Keep in mind that the laws of physics still apply. You can't have an electron decay into a proton, for example, because of conservation laws.
 
  • #85
DrChinese said:
No, such a configuration would require a previous world in which this could branch into. And a precursor to that one. You don't necessarily get all possibilities, just all possibilities that can follow from an earlier world.

Keep in mind that the laws of physics still apply. You can't have an electron decay into a proton, for example, because of conservation laws.

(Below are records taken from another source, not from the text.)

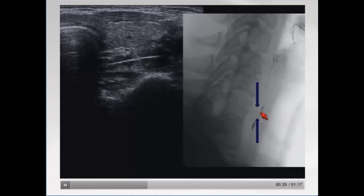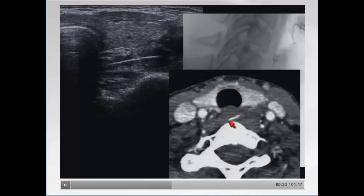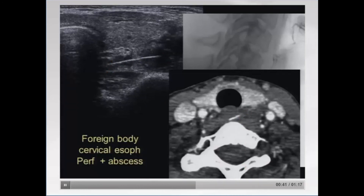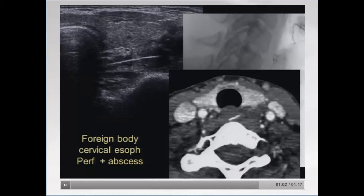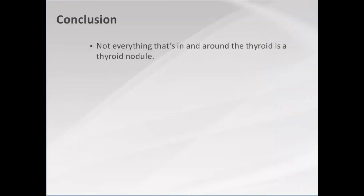She came to the hospital, had a barium swallow — a little hard to see — and then a CT confirmed it. Honestly, I think you can see it much nicer on ultrasound. This was a foreign body in the cervical esophagus that had perforated it and created an abscess. The foreign body turned out to be a wire bristle from a brush used to clean a grill. Her husband cleaned the grill, put the steaks on, and she swallowed the wire bristle with her steak. Three or four days later she came in with the abscess. The concluding lesson: not everything in and around the thyroid is a thyroid nodule.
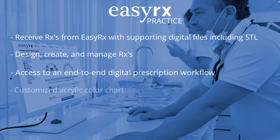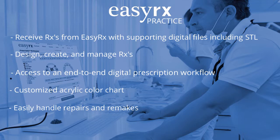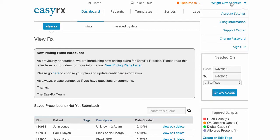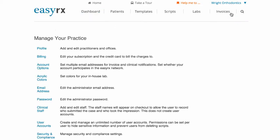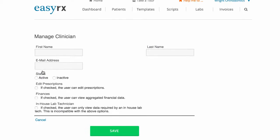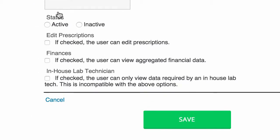You can customize an acrylic color chart, easily handle repairs and remakes, and create users and assign rights. You'll first want to create technician accounts. At the top of the screen, choose account settings, click user accounts, create a new clinician account, and at the bottom, check the box for in-house lab technician.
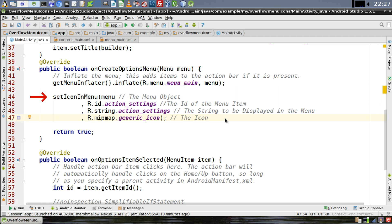Make sure you pass it the menu object, the ID of the menu item that the icon is going to appear next to, the string that you're going to want displayed in the menu item, and also the ID for the icon itself. And that's all there is to it.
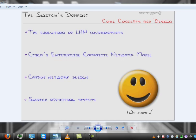And finally, I'll talk about the switch operating systems that exist today: the old one, CAT OS, and the modern one, native iOS. So let's get going.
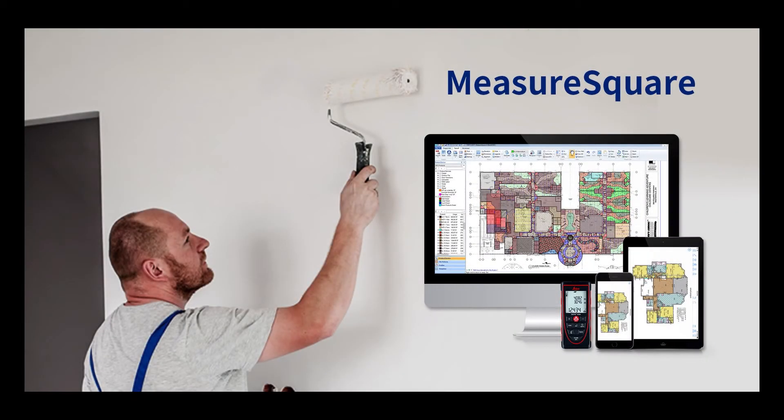Hello everyone. In this video I'm going to show you how to use MeasureSquare 8 for paint estimation. This will include interior and exterior walls and the floor. And yes, we do support ceilings as well.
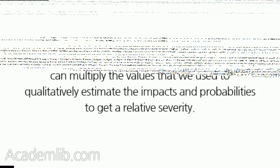Even if we are not using expected value analysis to evaluate the risks, we can still rank them. If we are using semi-quantitative techniques, we can multiply the values that we use to qualitatively estimate the impacts and probabilities to get a relative severity. This will be fine as long as the relative scale used for evaluating probability and impact is the same for all of the risks.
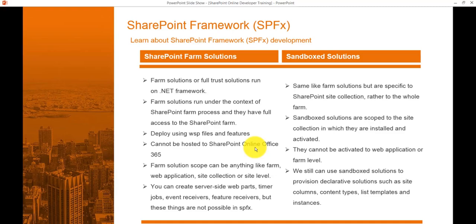Since the code runs on the SharePoint server, the main disadvantage is stability of the farm. That's why Microsoft came up with the Sandbox Solution, where it is specific to a site collection. Sandbox solutions can only be activated at site collection scope, not web application or farm level. They can still be used to provision declarative solutions such as site columns, content types, list templates, and instances using XML files.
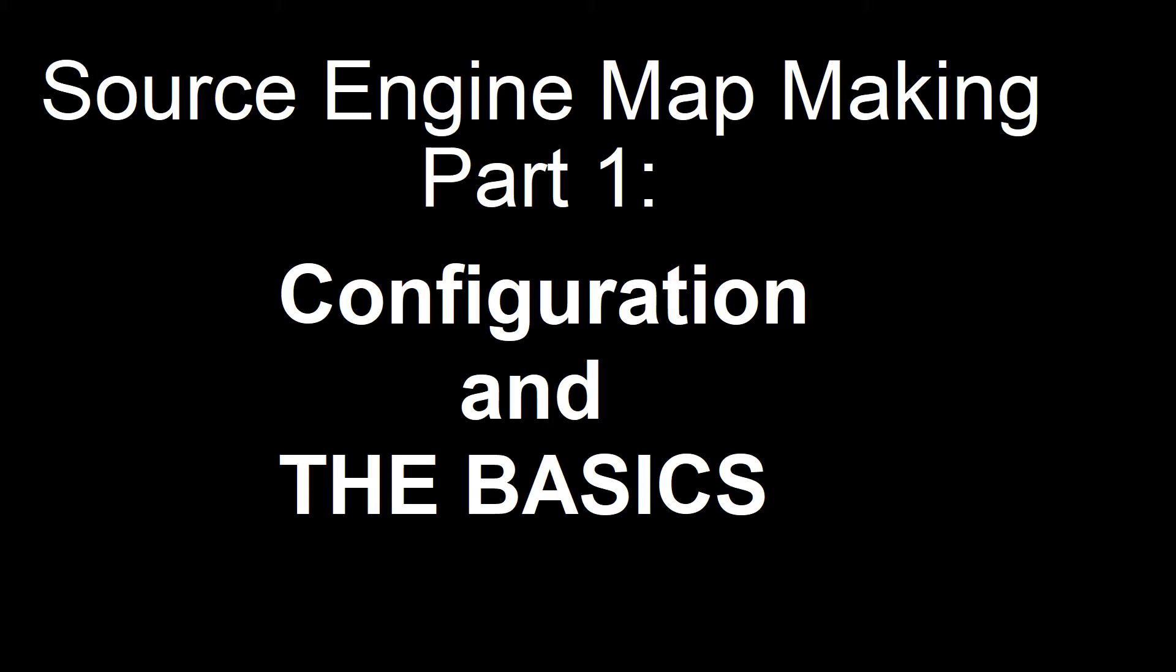Welcome to my new tutorial series on map making for the Source Engine. Today we'll be covering the bare basics of Source Engine mapping.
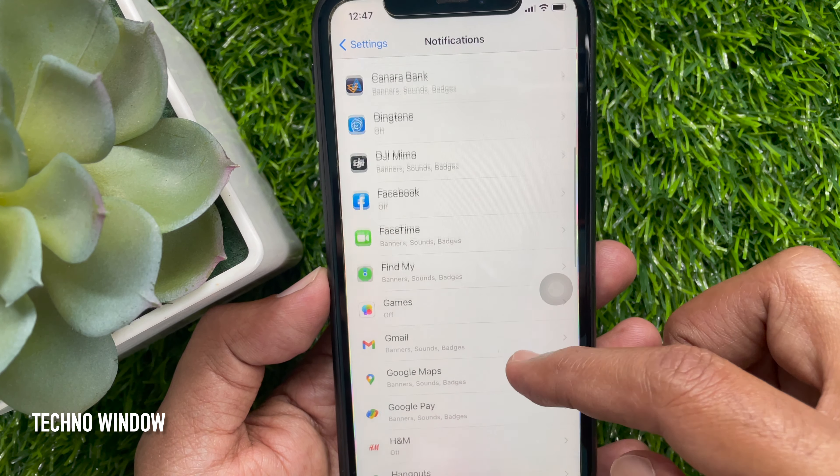That's it. Go back to the home screen and check — the Telegram red notification badge is now hidden.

I agree that the laws of physics still apply, naturally otherwise there'd be no reason to contemplate MWI in the first place. However, let's imagine a classical game of dice, the dice rolling are affected by the air surrounding them, the friction on the surface they land on, the strength by which you tossed them. But MOST of those variables are macroscopic, but those are again comprised of quantum particles, so wouldn't you agree that MWI predicts that when I toss a regular classical dice, that all outcomes will occur in at least one branch, even if the required effect is highly improbable, like the surface changing from a wood table top to stone?
 
  • #86
QuantumConfusion said:
I agree that the laws of physics still apply, naturally otherwise there'd be no reason to contemplate MWI in the first place. However, let's imagine a classical game of dice, the dice rolling are affected by the air surrounding them, the friction on the surface they land on, the strength by which you tossed them. But MOST of those variables are macroscopic, but those are again comprised of quantum particles, so wouldn't you agree that MWI predicts that when I toss a regular classical dice, that all outcomes will occur in at least one branch, even if the required effect is highly improbable, like the surface changing from a wood table top to stone?

Definitely not. It must be a quantum outcome, and transmuting from one substance to another is not a possible quantum outcome. Now, there is a certainly a "chance" a particle could decay to any viable decay product. But those are relatively limited in most cases. Electrons are stable, protons are probably stable, etc. Even considering exotic combinations (spontaneous electron capture for example), you don't get every possible outcome as you envision.
 
  • #87
DrChinese said:
... transmuting from one substance to another is not a possible quantum outcome...

- but we have the whole universe sending all the known and unknown particles here - the "cosmic rays" - and those may come focused as to synthesize the required stone or something.